Welcome to the International Emetophobia Society | The Web's Largest Meeting Place for People With Emetophobia.
Results 1 to 7 of 7
  1. #1
    Join Date
    Sep 2011
    Posts
    6

    Default Was making progress...now I hit a wall (long-help!)

    the rare times i would get sick as a kid it was always terrifying, but i didnt become phobic until i was maybe 12. i was bad as a teen...had panic attacks hearing people talk about it, would avoid places with drunk people, would snap at people who would say "i dont feel good" (and most of the time it was just a cold or something stupid!)

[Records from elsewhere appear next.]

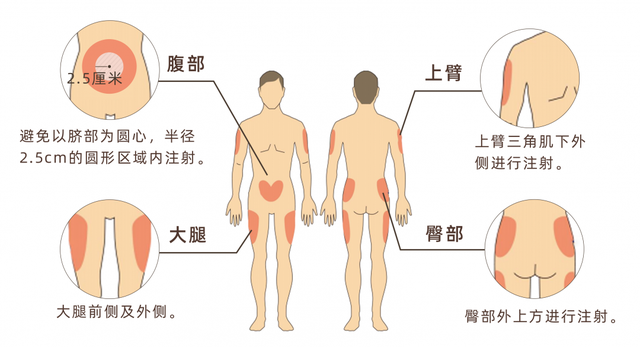 如何正确注射胰岛素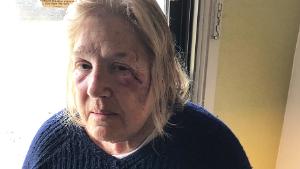 A woman suffered cuts and bruises after her Sausalito, California home slid off its foundation early Thursday and down the hill and crashed into another home, according to Southern Marin Fire Protection District. Susan Gordon, 76, was treated and released from a hospital, her children said.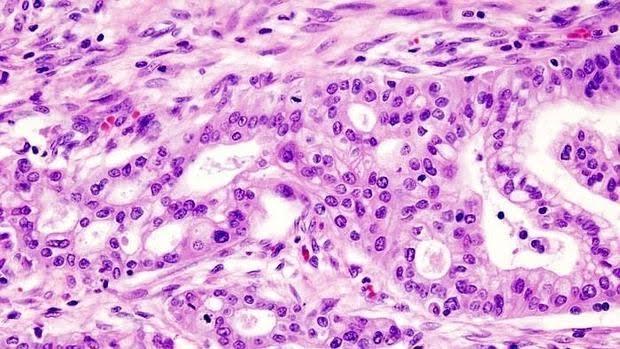 Imagen de un adenocarcinoma ductal de páncreas
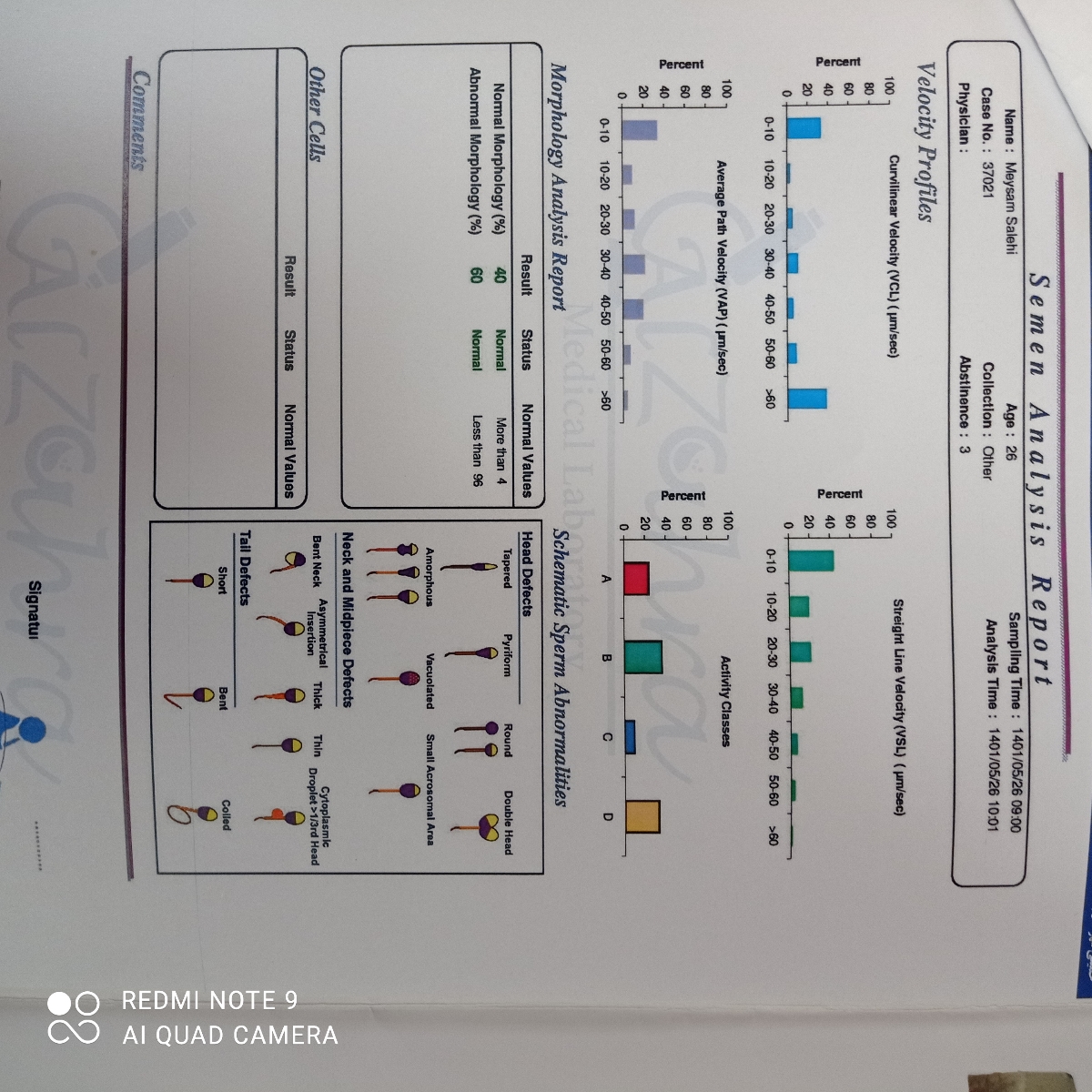 تفسیر آزمایش اسپرم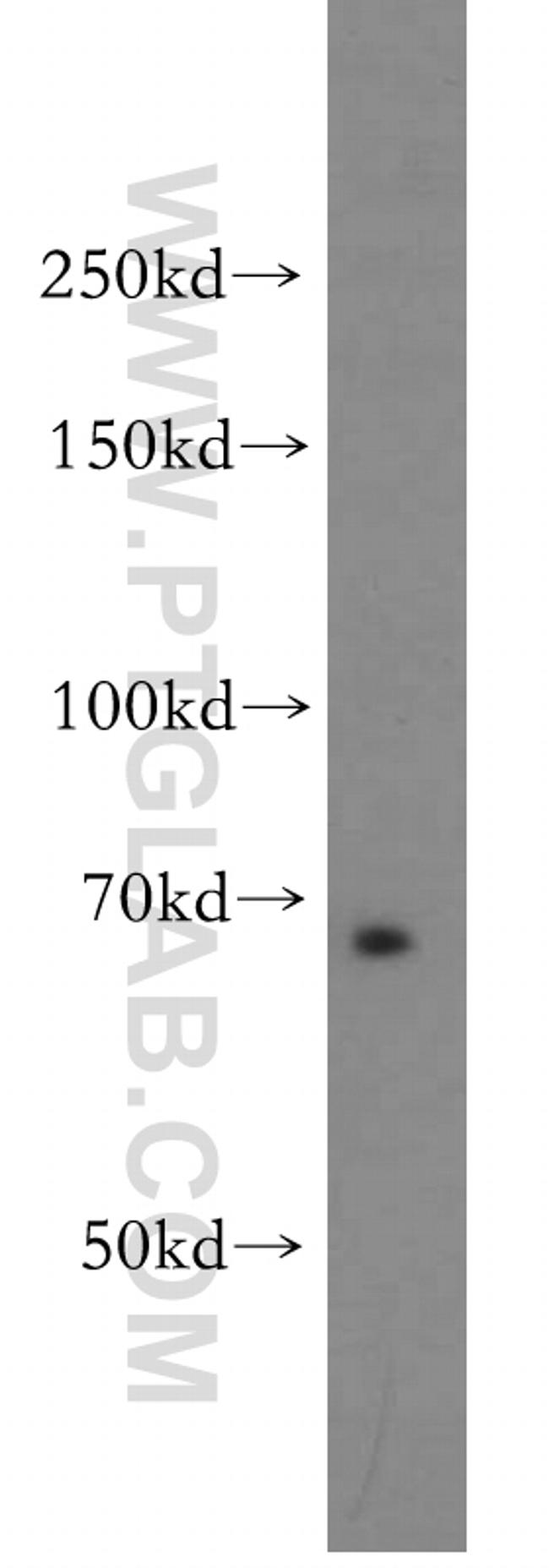 TAX1BP1 Antibody in Western Blot (WB)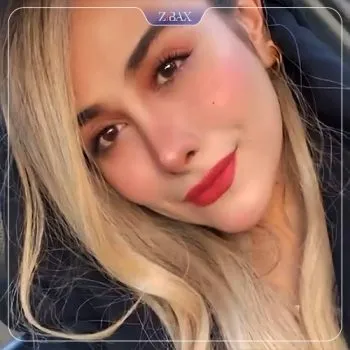 نمونه عمل جراحی بینی دکتر علیرضا کامیابی — تصویر 4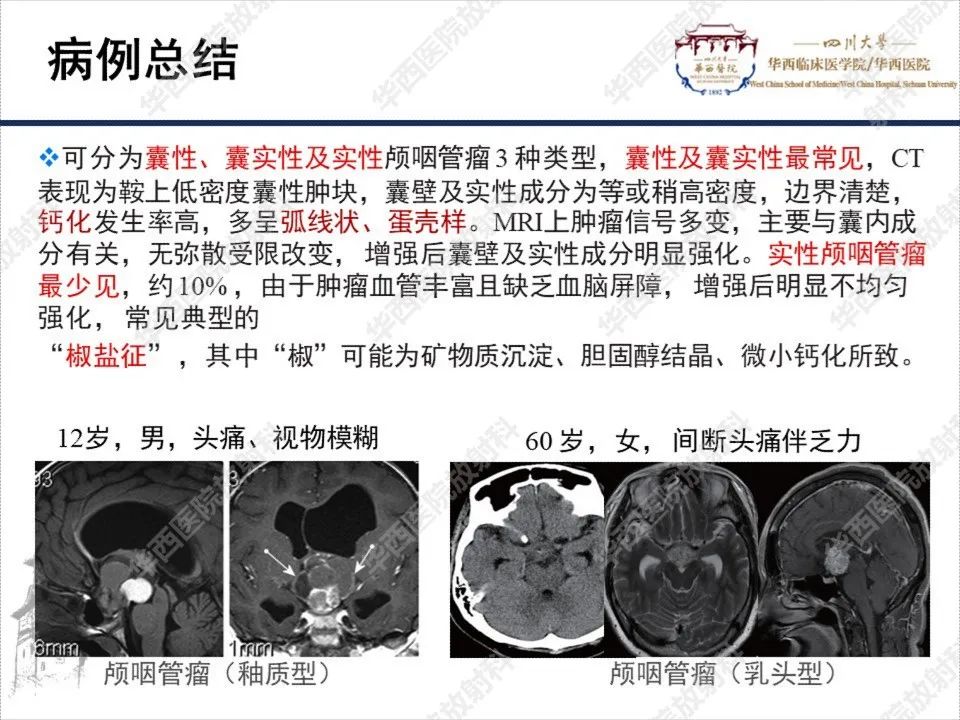 影像PPT - 【PPT】颅咽管瘤1例MR影像鉴别诊断-10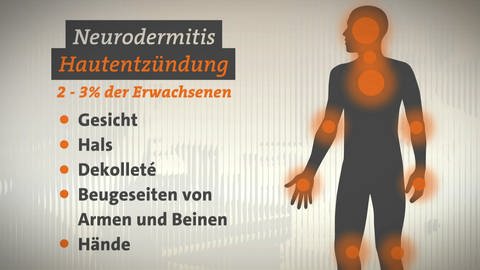 Grafische Darstellung eines Menschen mit besonders häufig von Entzündungen aufgrund von Neurodermitis betroffenen Körperstellen. Etwa 2 bis 3 Prozent der Erwachsenen sind von Neurodermitis betroffen.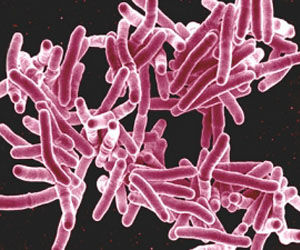 Alerta: Se desarrolla un brote de tuberculosis incurable 
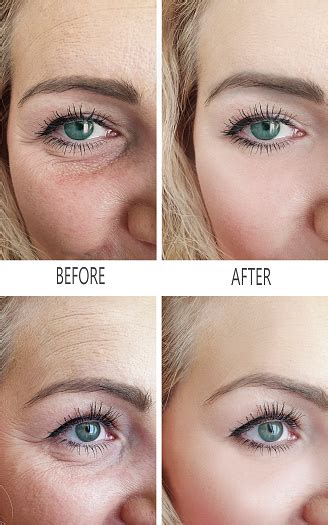 woman wrinkles    procedures stock photo  image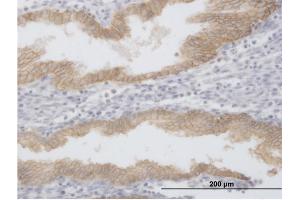Immunostaining (ISt) image for anti-Epithelial Cell Adhesion Molecule (EPCAM) (AA 1-314) antibody (ABIN517593)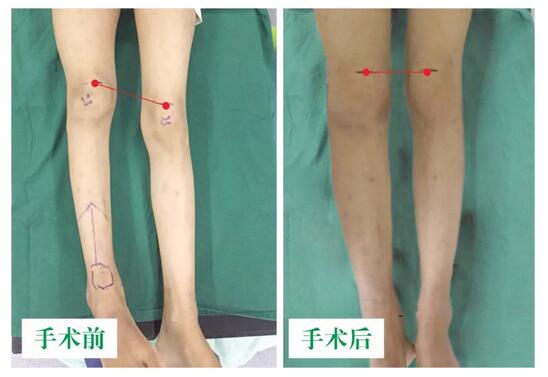 女孩墜梯右腿縮短5cm，幸得醫(yī)生及時診治恢復正常腿型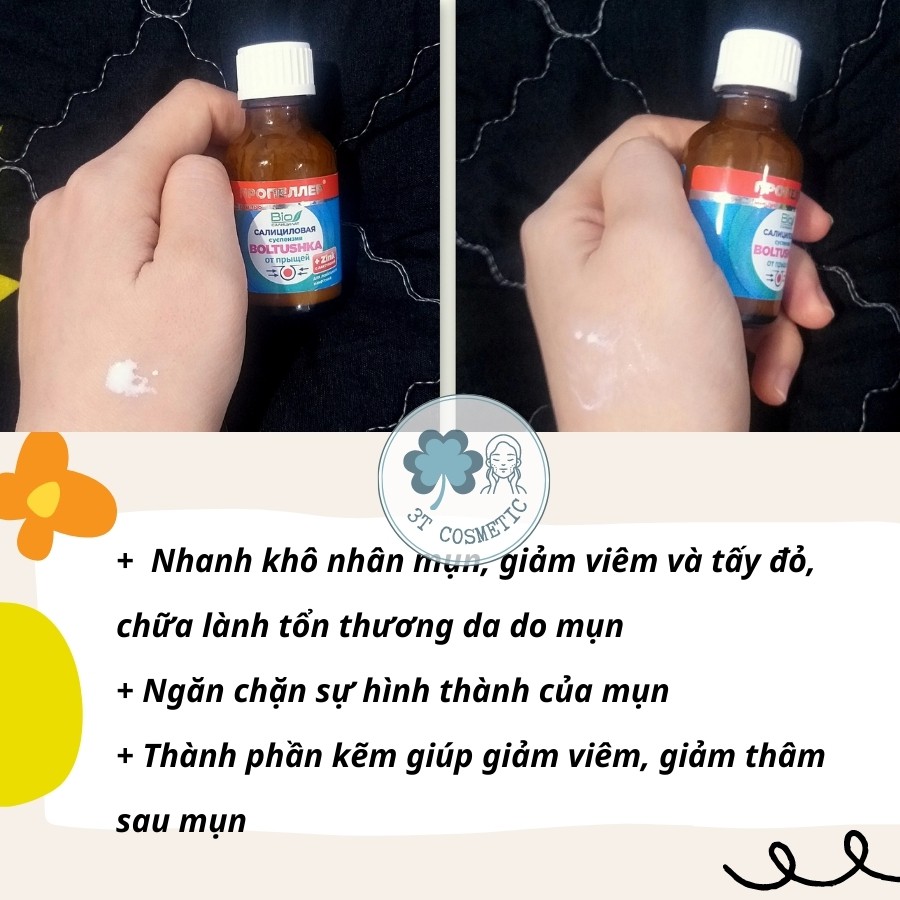 Chấm mụn kẽm PROPELLER, Serum chấm mụn hiệu quả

    ive come along since then...and this was by myself...drunk people/people who worked out at the gym too hard/people with confirmed food poisoning throwing up dont bother me, i can watch jackass without crying (though ill usually leave the room if steve-o is performing...) i can use the same bathroom someone threw up in a day after as long as im positive its not contagious...a whole lot less neurotic in general. one thing i cant shake is my paralyzing fear of the stomach flu

    but im back in nj, where stomach flus run rampant 4 times a year. im literally a psycho bitch during flu season. i nag my family members, always afraid they wont take me seriously and will end up getting me sick. unless its the middle of summer, i never touch and try to avoid babies and small children as much as possible. my boyfriend jokes about taking me on a cruise, but he knows i'll never go for that reason. i avoid public bathrooms year long and in the fall-spring i don't hug/shake hands with/touch just about anyone or anything. the worst part is just going through day to day life seeing people being disgusting, spreading their germs, hearing stories of outbreaks and negligence...it just builds up to where i have panic attacks every night.

    now im getting older and thinking of having a family someday...as great as it would be to raise a kid 99% of the time, i think children are disgusting balls of filth who cant keep their germs to themselves and throw up all the time, any time, for no reason. whenever i see/hear/hear of someone being sick, i panic and avoid the situations at all costs...even if i was holding my own baby...at this point in my life i couldnt imagine doing anything else but dropping it out of reflex/terror. before anyone reports me for child abuse, no im not going to have a child if i never get past that. im a coward, not an evil baby killer.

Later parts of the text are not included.